A special day of activities to mark the 73rd anniversary of the famous U-boat Surrender on Lough Foyle proved to be a huge success.
The event on Saturday, planned by Derry City and Strabane District Council, celebrated the historic surrender of the German vessels, which signalled an end to the ‘Battle of the Atlantic’ in May, 1945.
The day featured a packed programme of indoor and outdoor family friendly activities taking place from 10am to 4pm in the city centre – commemorating the city’s role in one of the most strategic military operations of the Second World War.
It was a fun packed day with lots of activities centering round the history of the city at that time.
A variety of unique museum collections were on display as well as US and German Navy Troop Re-enactors from Wartime Living History Association and an American ‘Willys’ Jeep from the Ulster Military Vehicle Club.

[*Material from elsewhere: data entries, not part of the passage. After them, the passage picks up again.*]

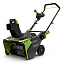 Снегоуборщик аккумуляторный Greenworks GD82ST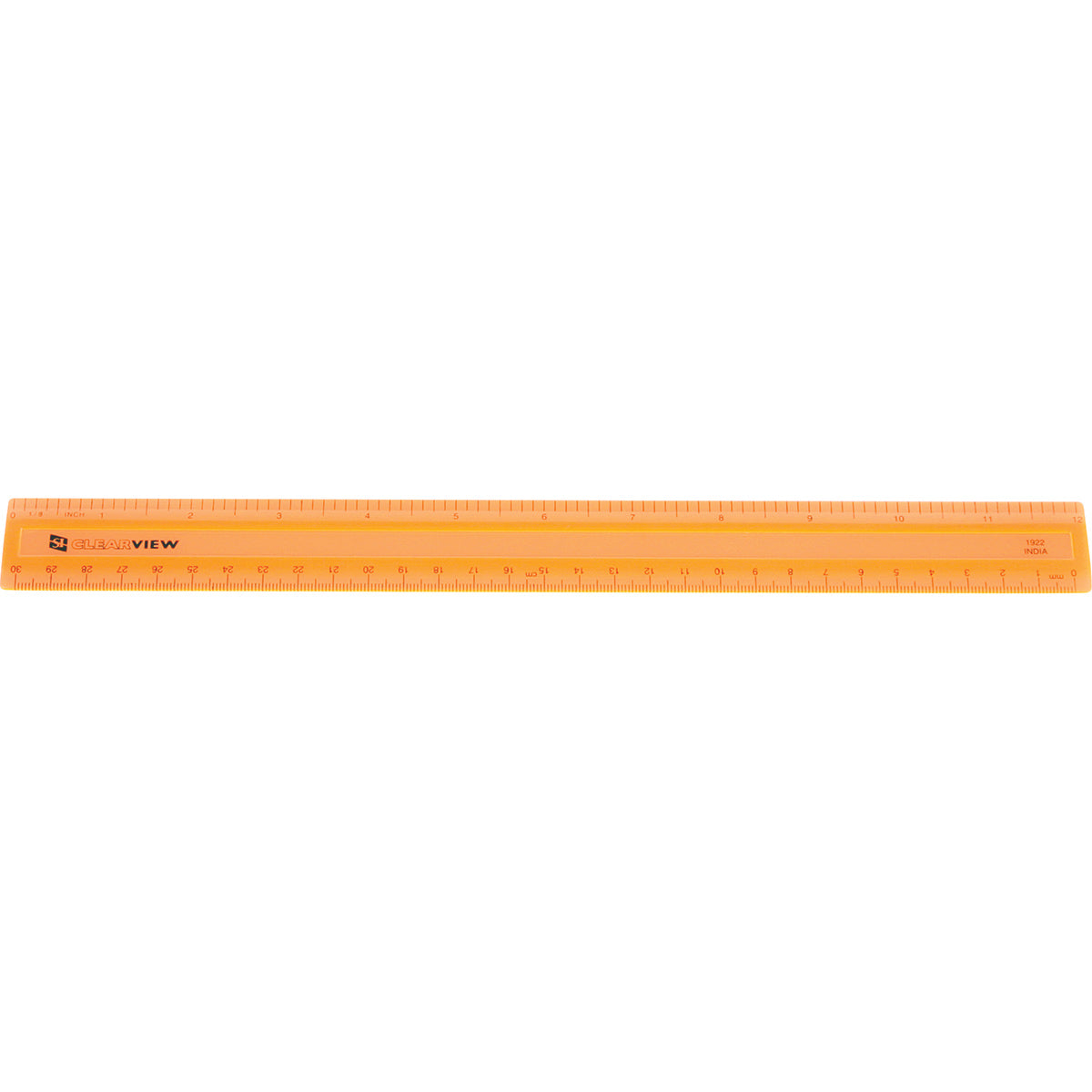 Clearview 1/8" Scaled Ruler
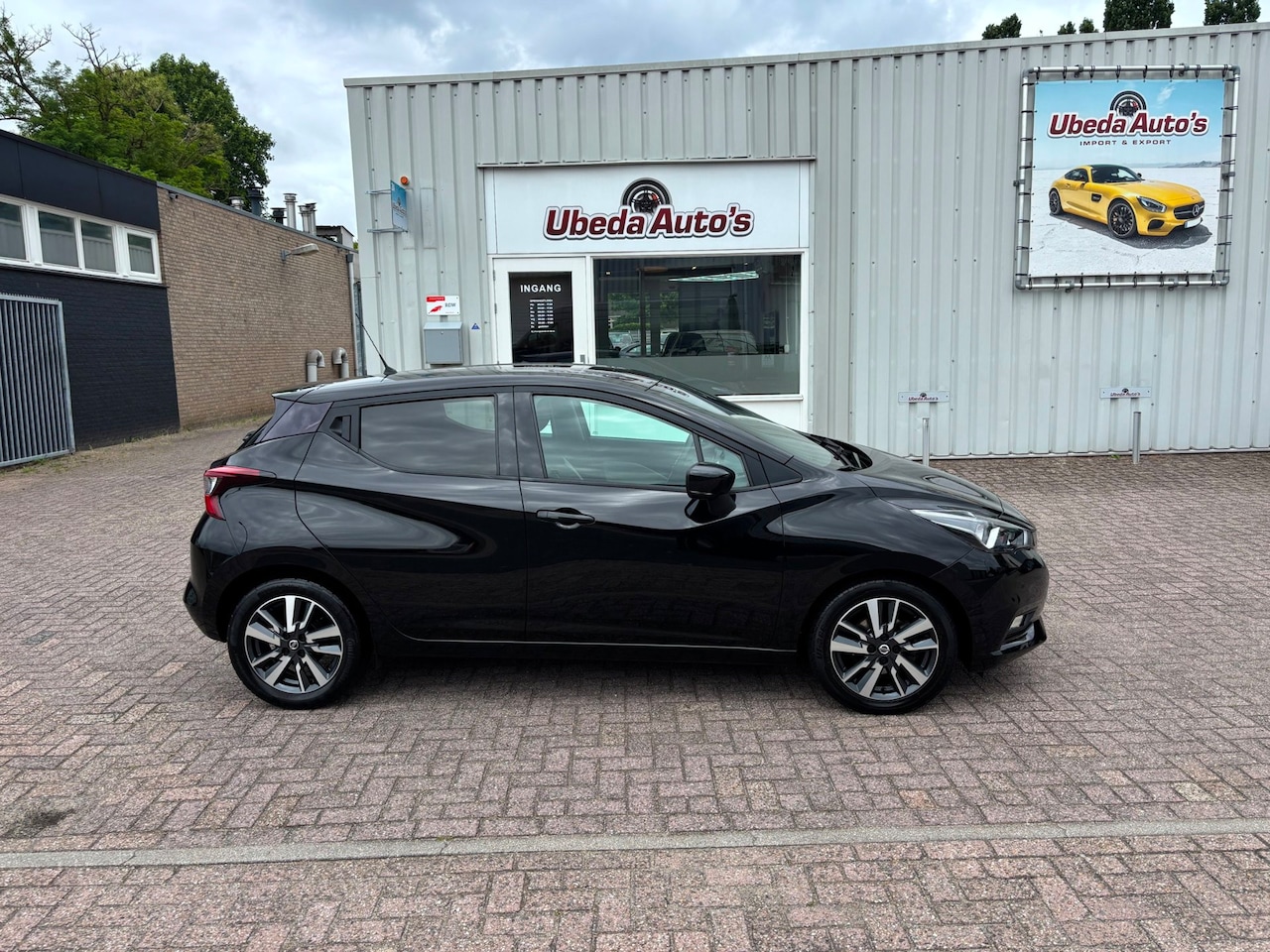 Nissan Micra - 1.0L Acenta ZEER MOOI KM 119173--8999E - AutoWereld.nl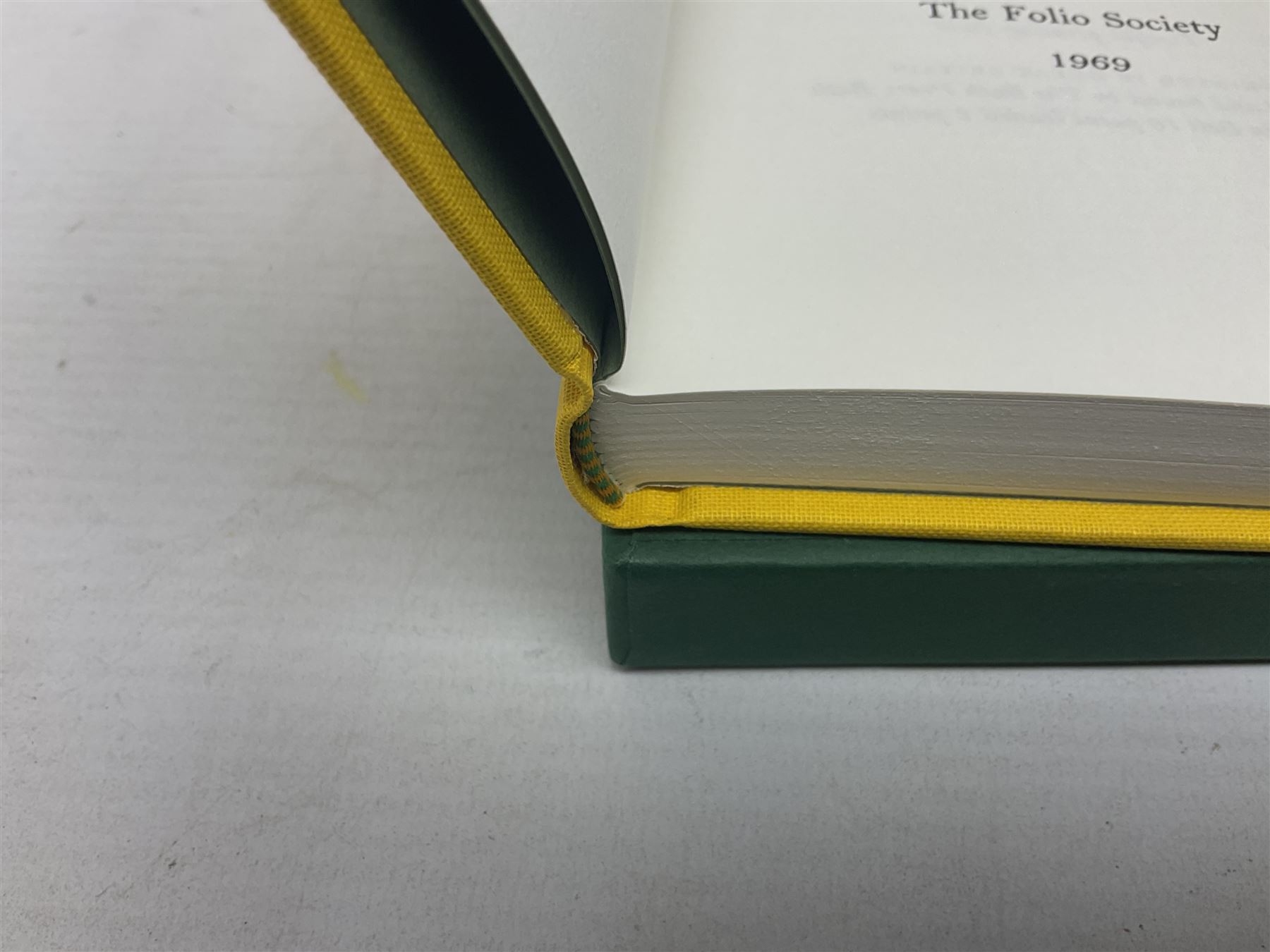 Folio Society; twenty two volumes, to include Wind in the Willows, The Scarlet Pimpernel, The Diary of Nobody, Jude the Obscure, The Great Plague etc 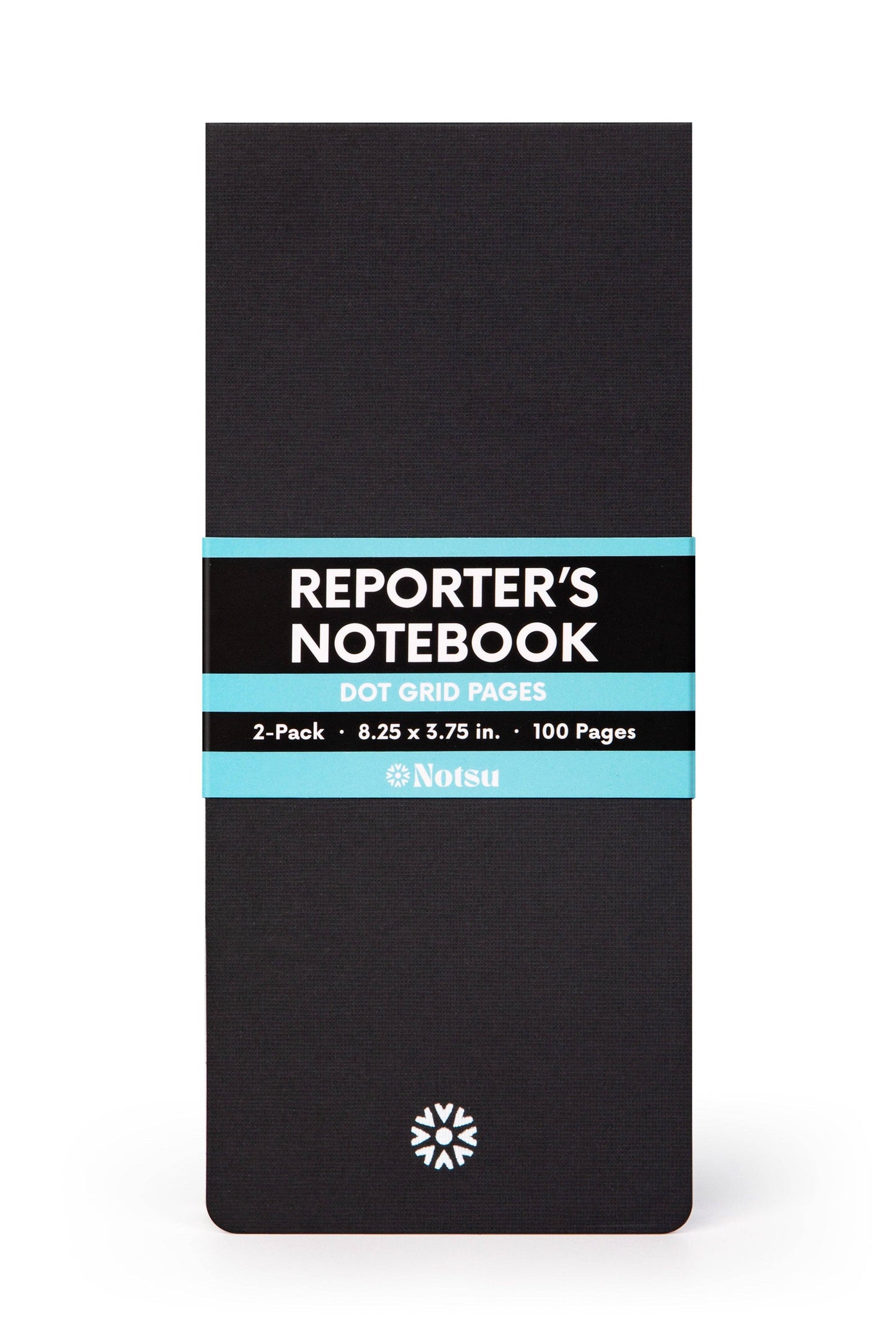 Reporter's Notebook Dot Grid (Pack of 2) 8.25"x3.75"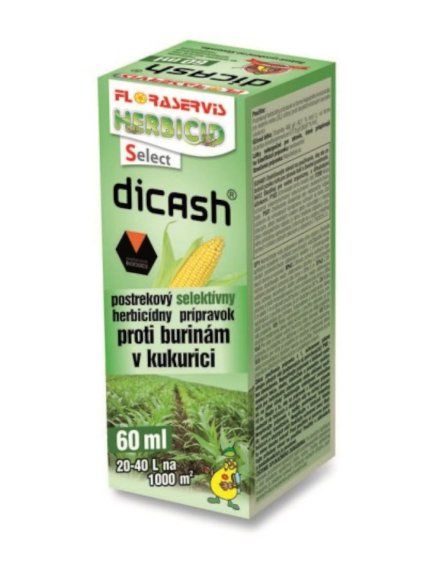 DICASH proti burinám v kukurici 60ml
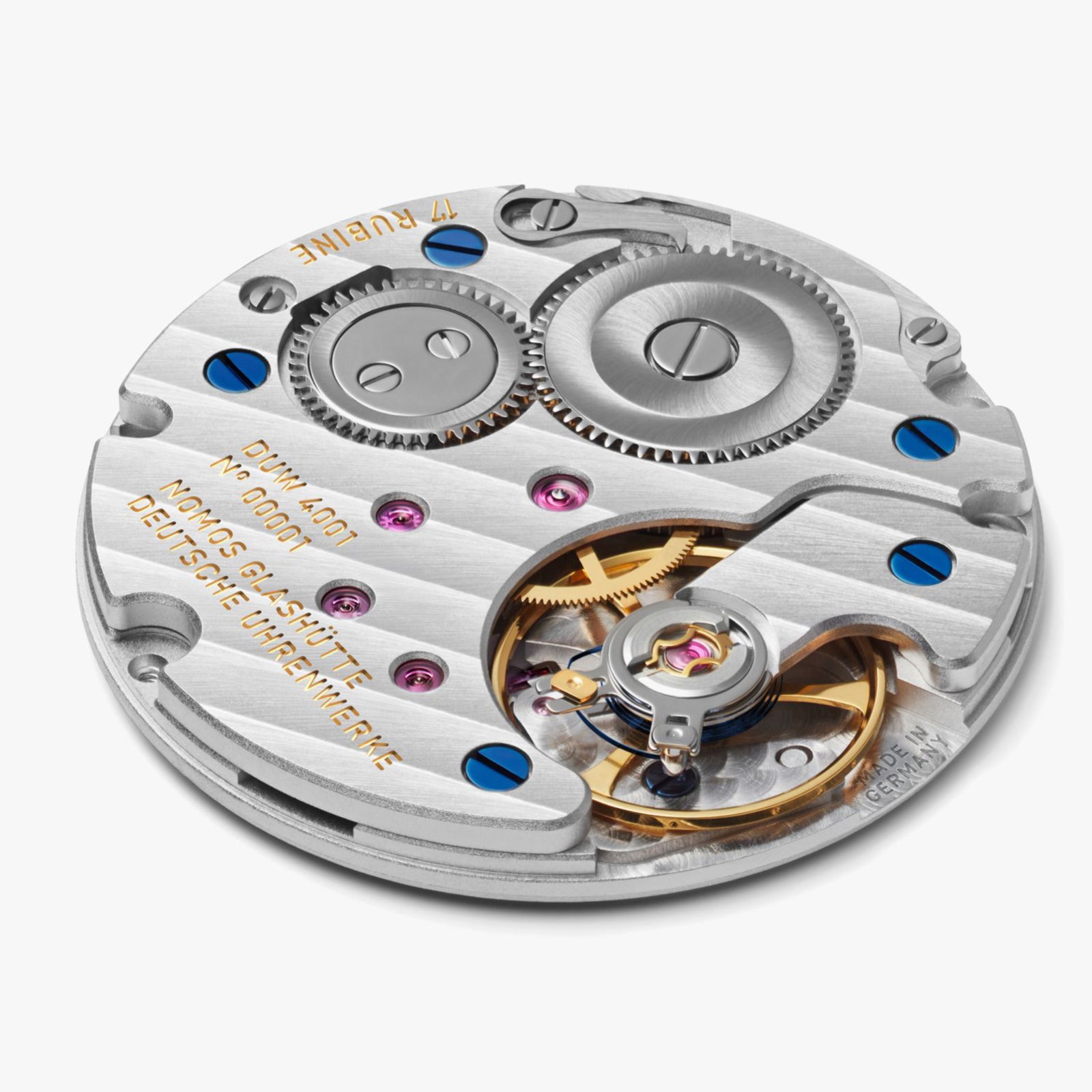 NOMOS - Tangente 33 (World Champagne) Ref 150/151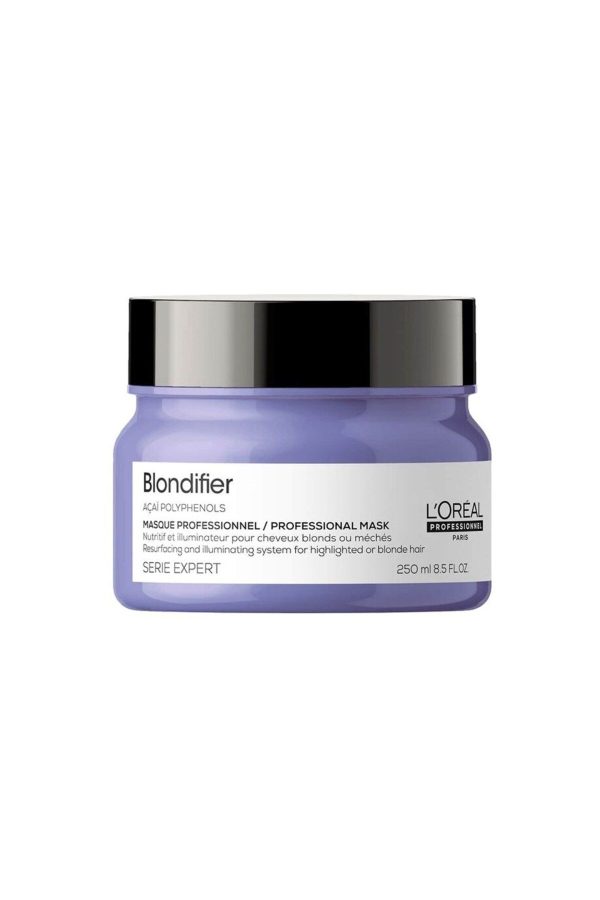 ماسک مو اورجینال برند L oreal professionnel مدل Blondifier Kusursuz Sarışınlık Sağlayan Maske کد 323000840 - Image 6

A live re-enactment of the surrender event took place in Guildhall Square on the hour throughout the day, and families had the chance to join in.
At the Guildhall there was a photo booth, large-scale Battleship board game, costumes of the time and Morse Code signal machines.
The Atlantic Cafe was opened with the sounds of the Andrews Sisters on the playlist.
Local people and visitors also had the opportunity immerse themselves in the full vintage experience with style tips from Elaine Duffy.
For history buffs, a series of talks were scheduled to take place, beginning with renowned historian Richard Doherty’s ‘The Longest Siege’ - World View from the Banks of the Foyle at 11am.
At 1.30 pm, Dr Marie-Claire Peters was sceduled to give a talk entitled ‘Thank you, Thank you Derry’, exploring the lives of women in WWII Derry and, finally, at 2.30pm, a live concert with 1940s ‘Swinging and Dancing’, by local act the RingaBellas, closed out the event.